Fitting to SPR Data

In this tutorial we will illustrate how to fit the surrogate model to SPR data to estimate $k_{\text{on}}$, $k_{\text{off}}$, $k_{\text{on,b}}$ and the reach.

Setup

We begin by installing the packages we need in a clean environment:

using Pkg

# create a new environment for the surrogate constructions
Pkg.activate("fitting_env") 
Pkg.add(url="https://github.com/isaacsas/SPRFittingPaper2023.jl.git")

# load the library
using SPRFittingPaper2023

Estimating Best Fit Parameters to an SPR Dataset

We wil work with the same SPR dataset as in the Forward Model Simulation tutorial. As described in [1], our general approach will be to use the XNES optimizer from BlackBoxOptim.jl to minimize the difference between the SPR data and the surrogate's predicted SPR traces. XNES is a stochastic natural evolution optimizer that we have found often gives the best fits among many optimizer choices. We use this optimizer via Optimization.jl, which allows for the easy selection of different optimizer choices.
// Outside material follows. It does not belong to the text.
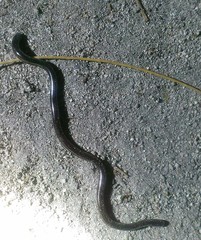 Typhlopidae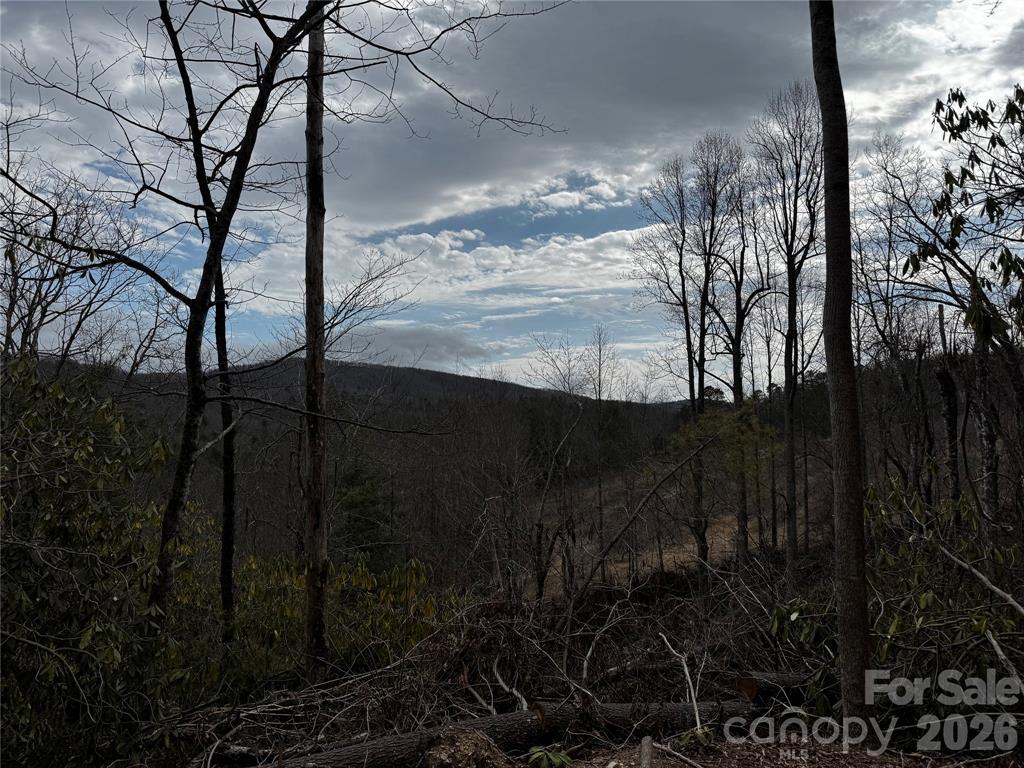 Edneyville 10 Acres - Image# 37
As XNES is stochastic, we will run the parameter estimation process nfits times, and select parameters from the run with the minimal loss as our final estimates.

We'll use the full surrogate from [1], which can be downloaded here.

We begin by defining some variables related to the fitting process:

nfits = 100    # how many fits to run and then take the minimum over
nsims = 250    # number of simulations to average when plotting
logCP_optrange = (1.0, 5.0)  # allowable log-space range of CP values 

Next we set the location of the surrogate:

surfile = "PATH_TO_DOWNLOADED_SURROGATE.jld"

We now load the surrogate and SPR data:

# load the surrogate
surrogate = Surrogate(surfile)
sps = surrogate.surpars

# range of CP values to use
optpar_ranges = [logCP_optrange]

# load the aligned SPR data from input CSV file
datadir = joinpath(@__DIR__, "..", "..", "data")
aligned_data_fname = joinpath(datadir, "Data_FC4_10-05-22_Protein07_FD-11A_RBD-13.8_aligned.csv")
aligneddat = get_aligned_data(aligned_data_fname)

Finally, we now run the optimizer nfits times, taking as our parameter estimates the fit with the mimimal loss:

optsol, best_pars = fit_spr_data(surrogate, aligneddat, optpar_ranges)
for i in 2:nfits
    optsol_new, best_pars_new = fit_spr_data(surrogate, aligneddat, optpar_ranges)
    if optsol_new.minimum < optsol.minimum
        optsol = optsol_new
        best_pars = best_pars_new
    end
end

We find the best fit parameters, [kon, koff, konb, reach, CP], are

best_pars = [5.2859956892261876e-5, 0.04086857480653136, 0.7801815024260655, 31.898843844047246, 128.56923492479402]

We can now plot (and output) a figure comparing our fits to the SPR data

# number of simulations to average over in making the plot
simpars.nsims = nsims

# save a figure showing the fit to the SPR data
OUTDIR = tempdir()
figfile = joinpath(OUTDIR, "fit_curves.png")
visualisefit(optsol, aligneddat, surrogate, simpars, figfile)

Which gives

spr_fit

Here the SPR data is shown in black, and the average predicted responses from forward simulations using the best fit parameters in color. Finally, we can save a spreadsheet with our fits and parameter estimates via

curvefile = joinpath(OUTDIR, "parameters.xlsx")
savefit(optsol, aligneddat, surrogate, simpars, curvefile)

For this example the file here shows the resulting Excel spreadsheet. Note that the second sheet within it shows the parameter estimates.

General Workflow

A more detailed workflow that processes multiple SPR inputs, includes monovalent fits, and systematically writes output files for each fit can be downloaded here. This file contains three sub-folders:

  1. Experiments contains a set of CSVs corresponding to processed SPR experiments that have been prepared for fitting.
  2. Code contains a file "readme.md" with instructions on how to use/modify the included "ParameterFitting_Example.jl" script to fit a collection of experiments.
  3. Surrogates is where you should place the downloaded surrogate from the manuscript, which is available here (or place whatever surrogate you wish to use).

Bibliography

  1. A. Huhn, D. Nissley, ..., C. M. Deane, S. A. Isaacson, and O. Dushek, Analysis of emergent bivalent antibody binding identifies the molecular reach as a critical determinant of SARS-CoV-2 neutralisation potency, in review, available on bioRxiv (2024).